(Short text fragments from websites)
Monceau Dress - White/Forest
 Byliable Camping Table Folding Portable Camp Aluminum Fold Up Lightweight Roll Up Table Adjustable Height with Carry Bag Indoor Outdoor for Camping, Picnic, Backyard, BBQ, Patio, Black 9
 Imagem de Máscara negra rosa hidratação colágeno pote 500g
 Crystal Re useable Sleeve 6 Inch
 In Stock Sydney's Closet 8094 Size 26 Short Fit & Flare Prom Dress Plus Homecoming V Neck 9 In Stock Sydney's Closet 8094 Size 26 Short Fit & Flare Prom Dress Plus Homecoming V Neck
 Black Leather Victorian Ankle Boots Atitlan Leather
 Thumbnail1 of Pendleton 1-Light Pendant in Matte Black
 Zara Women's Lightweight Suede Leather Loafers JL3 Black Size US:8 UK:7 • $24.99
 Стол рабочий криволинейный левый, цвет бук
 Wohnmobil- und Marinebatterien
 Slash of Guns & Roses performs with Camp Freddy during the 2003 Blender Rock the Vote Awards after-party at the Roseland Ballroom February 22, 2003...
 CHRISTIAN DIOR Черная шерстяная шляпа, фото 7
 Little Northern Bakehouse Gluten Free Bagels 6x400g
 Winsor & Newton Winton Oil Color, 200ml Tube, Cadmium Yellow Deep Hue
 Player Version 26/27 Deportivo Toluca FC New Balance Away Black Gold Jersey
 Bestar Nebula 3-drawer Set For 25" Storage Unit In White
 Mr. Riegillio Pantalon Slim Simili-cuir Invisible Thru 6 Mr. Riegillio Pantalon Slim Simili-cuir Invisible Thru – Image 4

— Task —
At the line containing "Slash of Guns", start copying. Continue exactly through the final line of the entries above and stop there.

— Written solution —
 Slash of Guns & Roses performs with Camp Freddy during the 2003 Blender Rock the Vote Awards after-party at the Roseland Ballroom February 22, 2003...
 CHRISTIAN DIOR Черная шерстяная шляпа, фото 7
 Little Northern Bakehouse Gluten Free Bagels 6x400g
 Winsor & Newton Winton Oil Color, 200ml Tube, Cadmium Yellow Deep Hue
 Player Version 26/27 Deportivo Toluca FC New Balance Away Black Gold Jersey
 Bestar Nebula 3-drawer Set For 25" Storage Unit In White
 Mr. Riegillio Pantalon Slim Simili-cuir Invisible Thru 6 Mr. Riegillio Pantalon Slim Simili-cuir Invisible Thru – Image 4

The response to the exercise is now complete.